Uniform distribution on the [0,2]

Question

Random variable $X$ has uniform distribution on the $[0,2]$.How to find distribution radnom variable $Y=min \left\{X,X^2 \right\}$?

Answer 1

$$\min(X,X^2)=\begin{cases}X^2&\text{ if }&X\leq1\\X&\text{ if }&X>1.\end{cases}$$

Then

$$P(\min(X,X^2)<x)=P(X^2<x\cap X<1)+P(X<x\cap X\geq 1).$$

And

$$P(X^2<x\cap X<1)=\begin{cases}0&\text{ if }& x\leq0\\P(X<\sqrt x)&\text{ if }&0<x\leq 1\\P(X<1)&\text{ otherwise}\end{cases}=$$$$=\begin{cases}0&\text{ if }& x\leq0\\\frac12\sqrt x&\text{ if }&0<x\leq 1\\\frac12&\text{ otherwise,}\end{cases}$$ $$P(X<x\cap X\geq1)=\begin{cases}P(1\leq X<x)&\text{ if }& 1\leq x\leq2\\\frac12&\text{ if }& x>2\\0&\text{ otherwise}\end{cases}=$$$$=\begin{cases}\frac12(x-1)&\text{ if }&1\leq x\leq2\\\frac12&\text{ if }& x>2\\0&\text{ otherwise.}\end{cases}$$

The sum of the two piecewise given function is depicted below:

Answer 2

The key is that either $X^2{<}X{<}1$, $1{=}X{=}X^2$, or $1{<}X{<}X^2$.

So when $x{<}1$ we wish to know the probability that $X^2{\leqslant}x$, and when $1{\leqslant}x$ we wish to know the probability that $X{<}x$.

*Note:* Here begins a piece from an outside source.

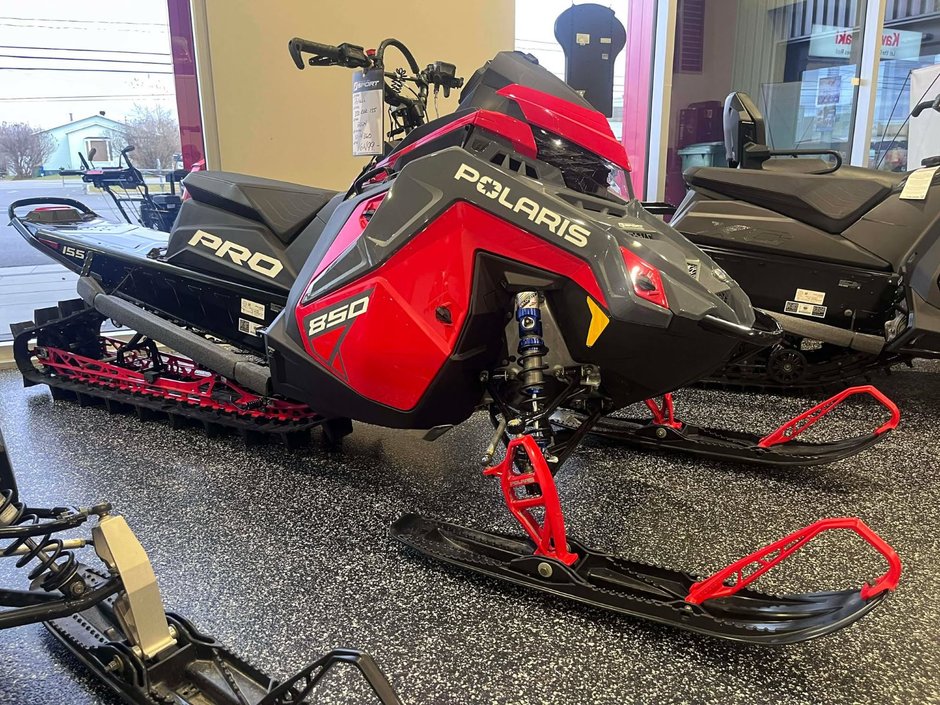 Polaris 850 PRO RMK Slash 155  2024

$$\mathsf P(\min\{X,X^2\}{\leqslant} x) ~{=~\mathsf P(X^2{\leqslant} x)\mathbf 1_{x < 1}+\mathsf P(X{\leqslant}x)\mathbf 1_{1\leqslant x}\\ = \underline{\phantom{\tfrac 12 \surd x}}\,\mathbf 1_{0\leqslant x < 1}+\underline{\phantom{\tfrac 12\,x\quad}}\,\mathbf 1_{1\leqslant x< 2}+\mathbf 1_{2\leqslant x}\\=\begin{cases}0 &:& x< 0\\ \underline{\phantom{\tfrac 12\surd x}}&:&0\leqslant x< 1\\ \underline{\phantom{\tfrac 12 x\quad}} &:& 1\leqslant x<2\\ 1 &:& 2\leqslant x \end{cases}}$$

Just fill in the blanks as appropriate, is all.